Personal information
- Born: April 5, 1972 (age 54) Youngstown, Ohio, U.S.

Career information
- Position: Offensive lineman
- High school: Girard (OH)
- College: Colorado State

Career history

Playing
- Arizona Cardinals (1995); St. Louis Stampede (1996);

Coaching
- Memphis (1997–1999); Graduate assistant (1997–1998); ; Strength and conditioning coach (1999); ; ; NC State (2000–2006) Strength and conditioning coach; Florida State (2007) Strength and conditioning coach; Colorado State (2008–2011) Offensive line coach; Montreal Alouettes (2012) Offensive coordinator & offensive line coach; Chicago Bears (2013–2014) Assistant offensive line coach; Buffalo Bills (2015–2016) Offensive assistant; Los Angeles Chargers (2017–2019) Offensive line coach & run game coordinator; Carolina Panthers (2020–2021) Offensive line coach; Pittsburgh Steelers (2022–2025) Offensive line coach; Buffalo Bills (2026–present) Offensive line coach;

Awards and highlights
- Second-team All-WAC (1993);

= Pat Meyer =

American football player and coach (born 1972)

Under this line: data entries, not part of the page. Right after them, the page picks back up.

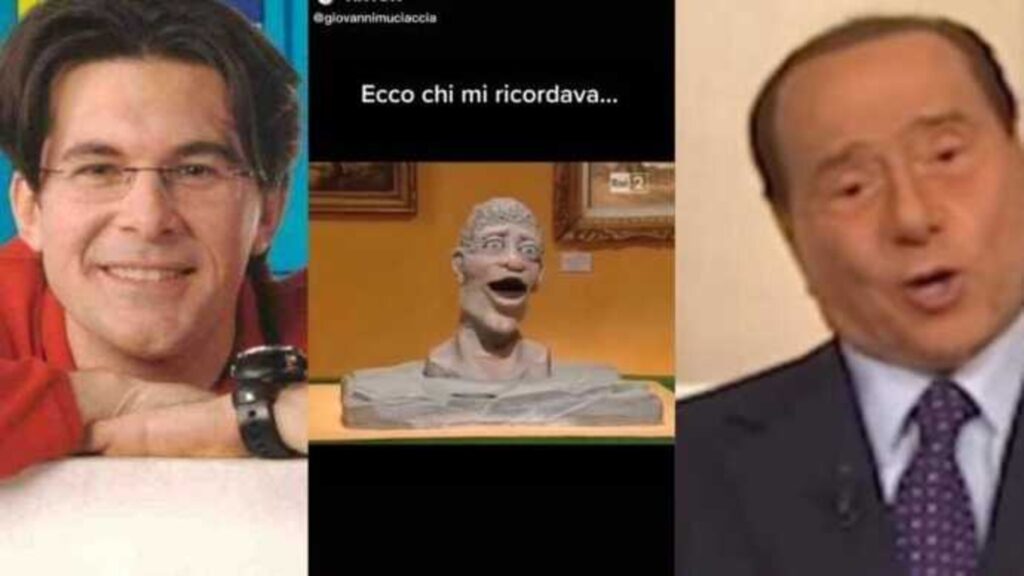 tiktok silvio berlusconi art attack giovanni muciaccia il capo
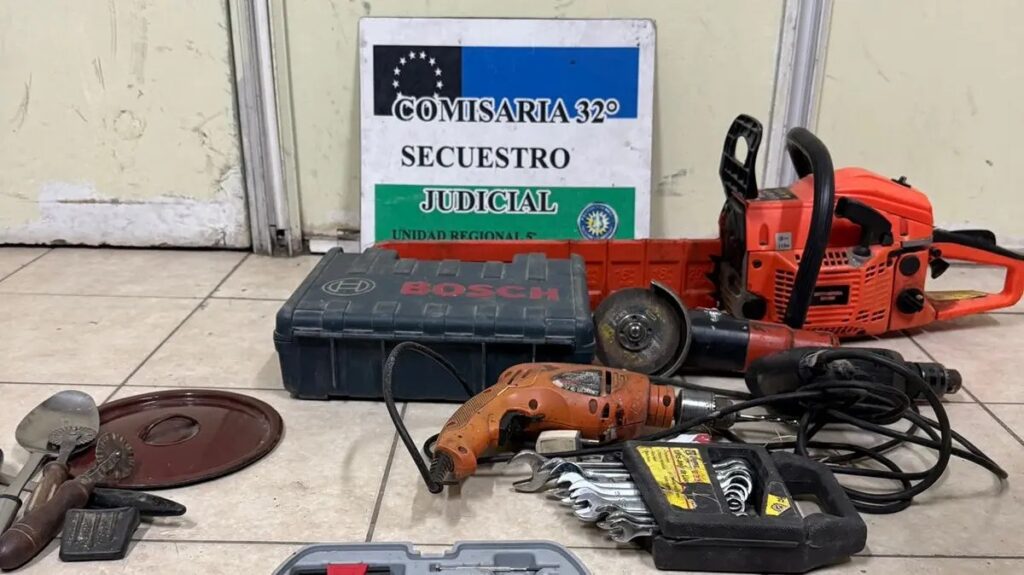 La Policía frustró un robo tras un llamado al 911 en Cipolletti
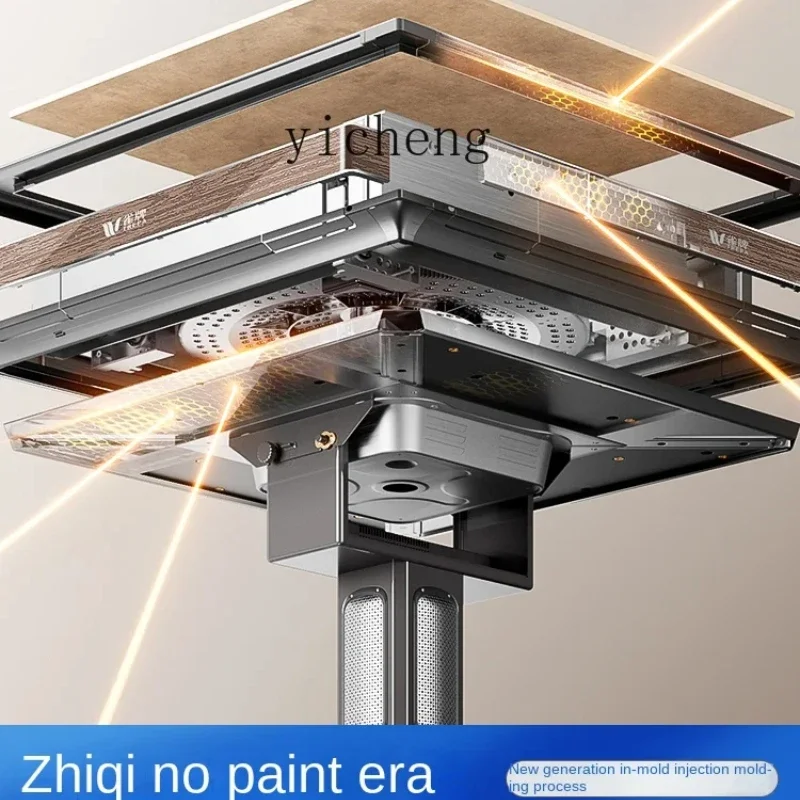 YFY  new bass mahjong machine automatic  heating folding dining  dual-purpose mahjong table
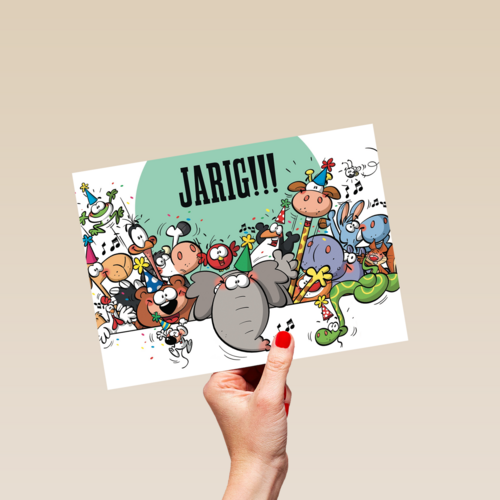 funny mail jarig jarig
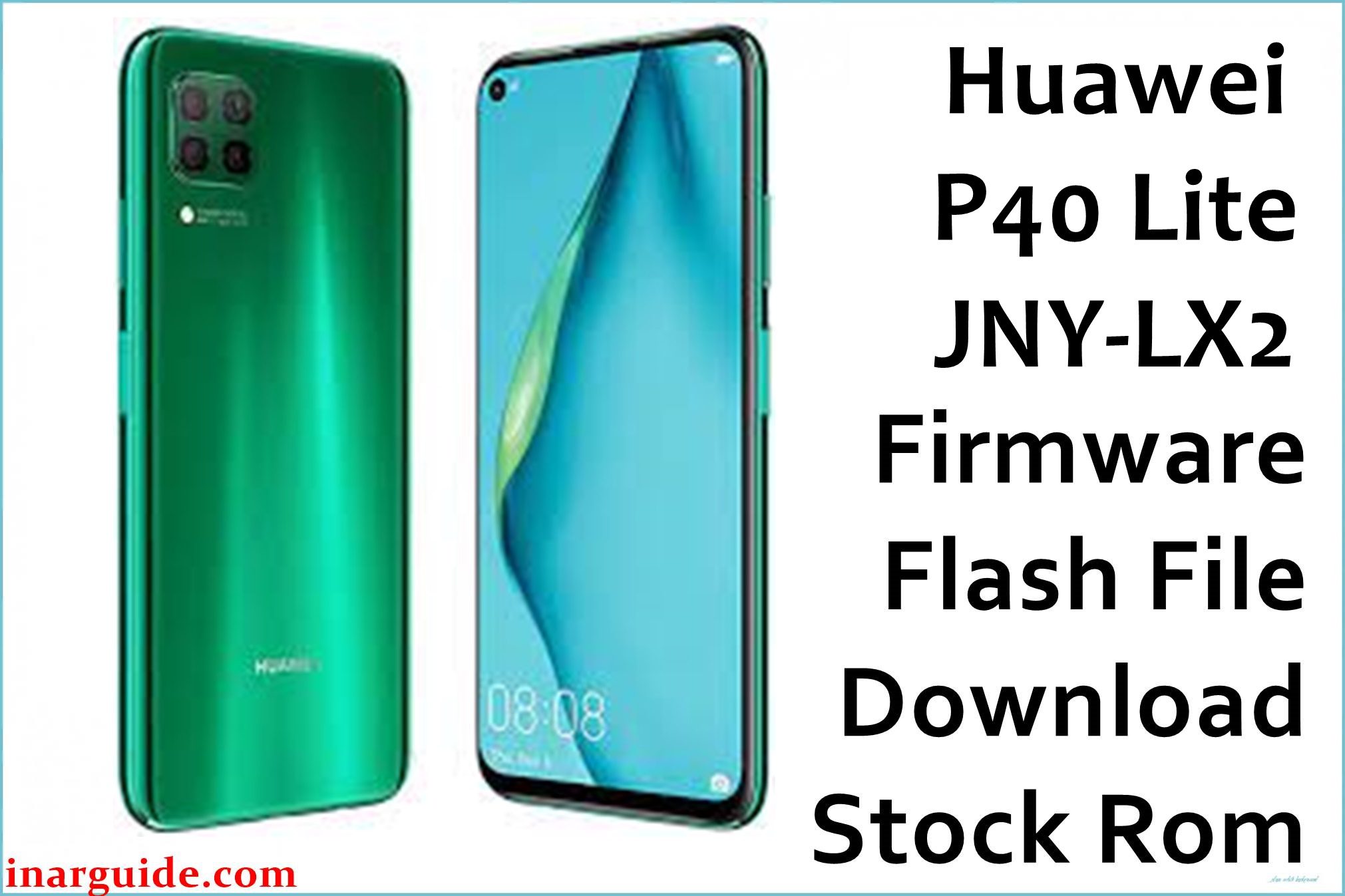 Huawei P40 Lite JNY LX2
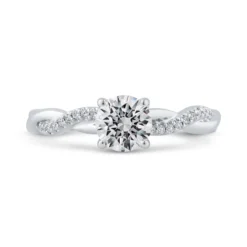Bella Ponte Engagement Ring Setting 14K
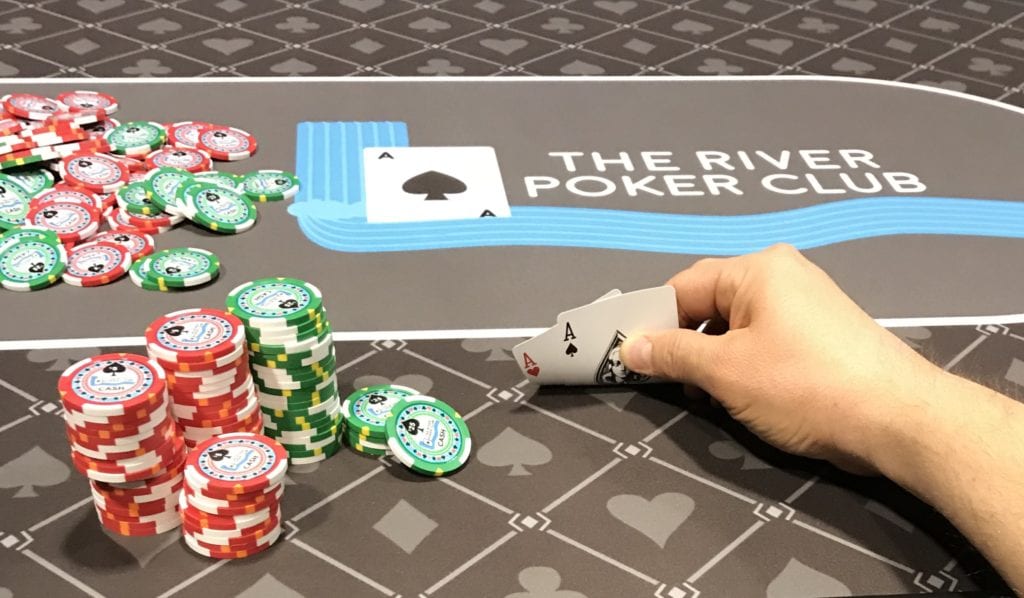 THE RIVER POKER CLUB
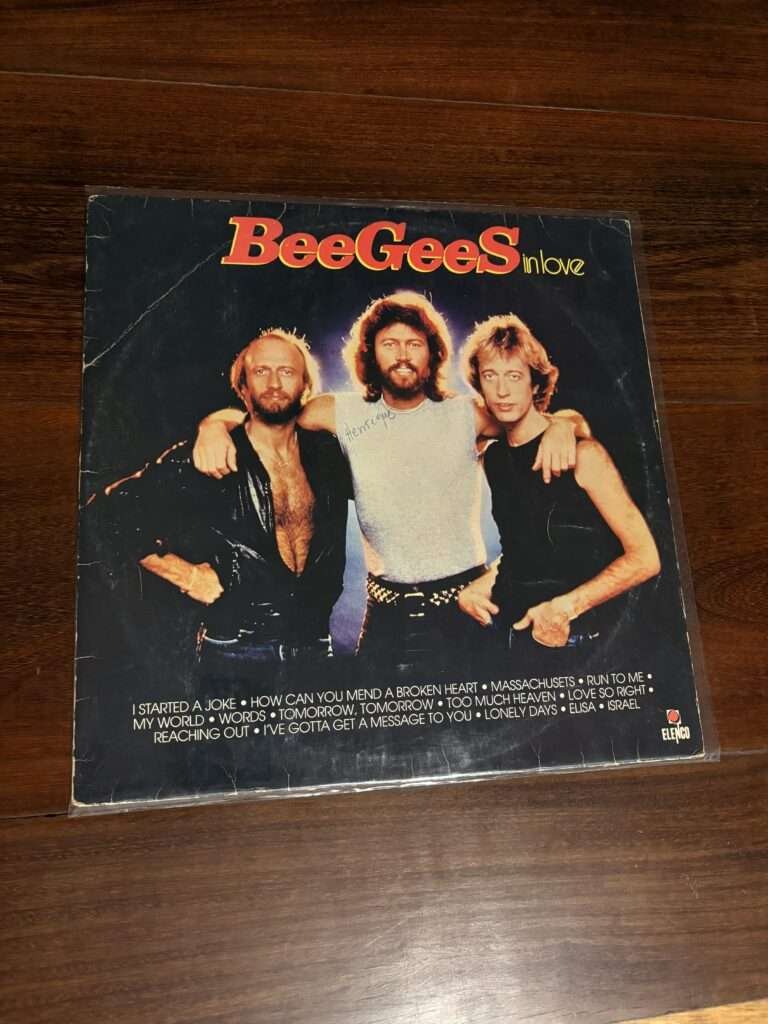 Lp Bee Gees - In Love (1984)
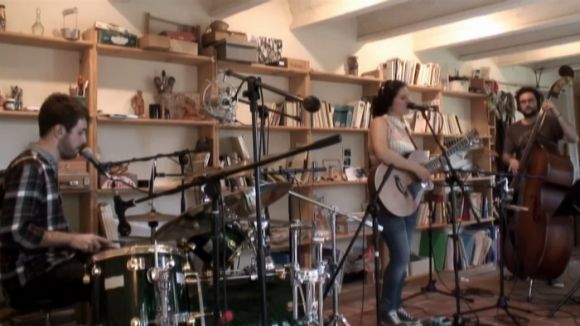 Lulamae Blue al programa 'Clips' amb 'Un tast'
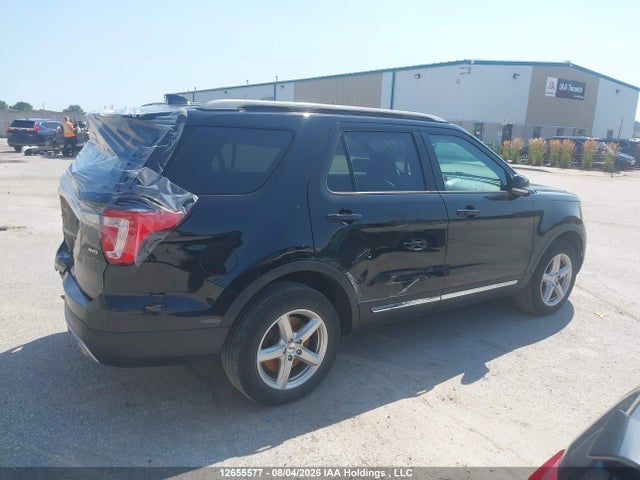 Auction sale of the 2017 Ford Explorer Xlt, vin: 1FM5K8D83HGE16072, lot number: 12655577
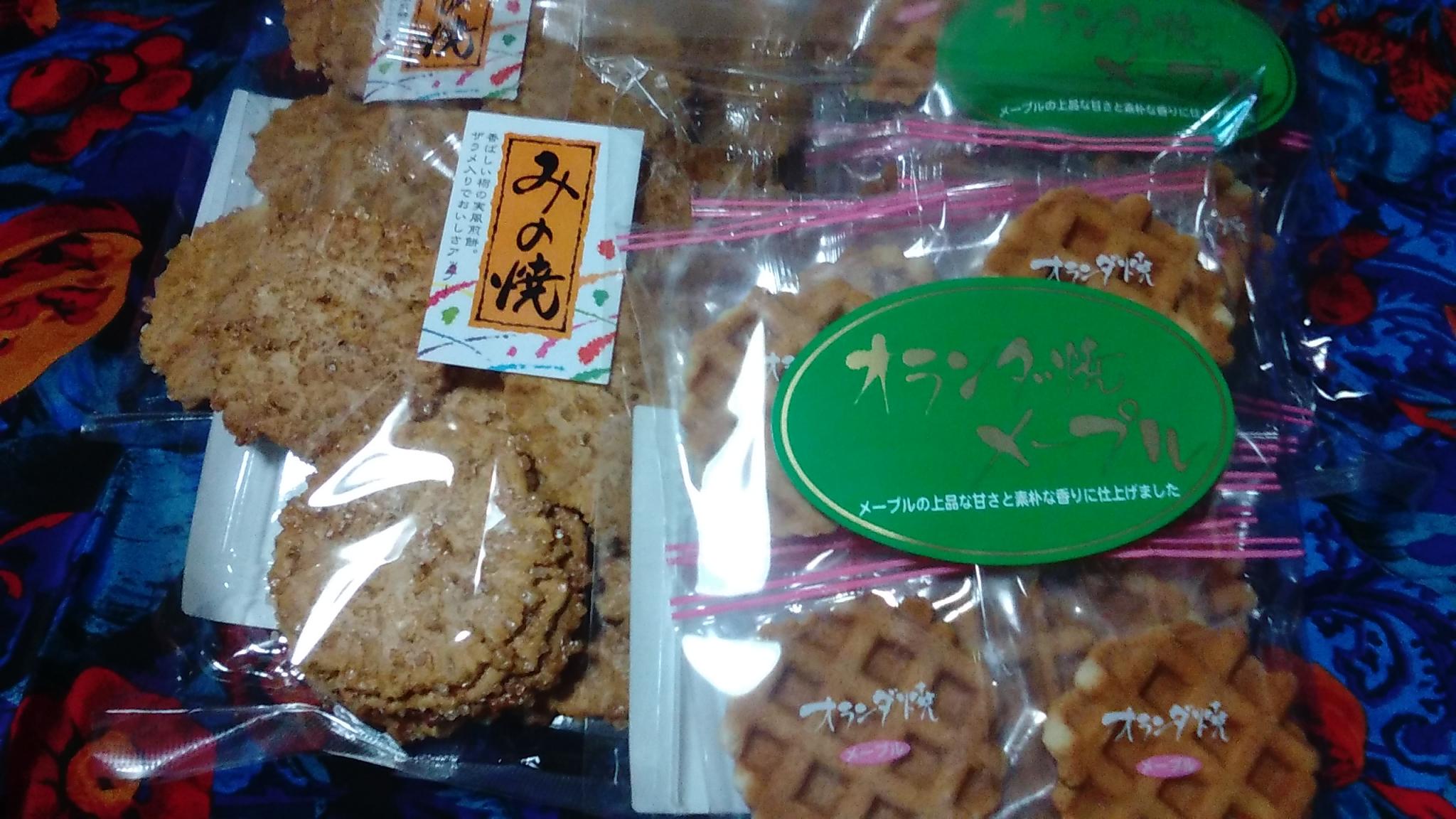 八百津せんべいの里 美濃屋本店 牧野店のレポート写真2（えころん）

Pat Meyer (born April 5, 1972) is an American football coach who is currently the offensive line coach for the Buffalo Bills of the National Football League (NFL). He formerly served as the offensive line coach for the Pittsburgh Steelers, and the Carolina Panthers.

==Playing career==
After being a five-sport letterman at Girard High School in football, wrestling, basketball, baseball and track, Meyer played college football for Colorado State as an offensive lineman from 1991–1994, earning All-Western Athletic Conference honors for three consecutive years, and in his final season, Meyer played four different positions. He was later signed by the Arizona Cardinals in 1995, and played for the St. Louis Stampede of the Arena Football League the following season.

==Coaching career==
===Early coaching career===
In 1997, Meyer became a graduate assistant for the Memphis Tigers, and later worked in the school's strength and conditioning department, and spent five months in 2000 as the director. Meyer later joined the NC State Wolfpack as the head strength and conditioning coach, and in 2004, he was named head of the entire athletic department's strength programs, which he would hold until 2006, in which he joined Florida State as strength coach. In 2008, Meyer joined his alma mater as the offensive line coach, and became the offensive coordinator in 2011. In 2012, Meyer joined the Canadian Football League's Montreal Alouettes as the offensive coordinator/offensive line coach. During the season, the Alouettes finished third in the league in scoring with 26.6 points per game, was tied for first in touchdowns with 51 and fewest sacks allowed with 30.
===Chicago Bears===
On January 24, 2013, Meyer was hired by former Alouettes head coach Marc Trestman to become the Chicago Bears' assistant offensive line coach; Meyer was the third Alouettes assistant to join the Bears, following tight ends coach Andy Bischoff and assistant defensive line coach Michael Sinclair. On February 12, 2014, Meyer was promoted to offensive line coach. He was not retained by the Bears for the 2015 season.
===Buffalo Bills===
On July 31, 2015, Meyer was hired as a football operations consultant for the Buffalo Bills.
===Los Angeles Chargers===
In 2017, Meyer joined the Los Angeles Chargers as the offensive line coach and run game coordinator.
===Carolina Panthers===
In 2020, Meyer joined the Carolina Panthers as the offensive line coach. He was fired after the 2021 season.
===Pittsburgh Steelers===
On February 15, 2022, Meyer joined the Steelers as the team’s offensive line coach. After the resignation of Mike Tomlin, Meyer was not retained by new head coach, Mike McCarthy.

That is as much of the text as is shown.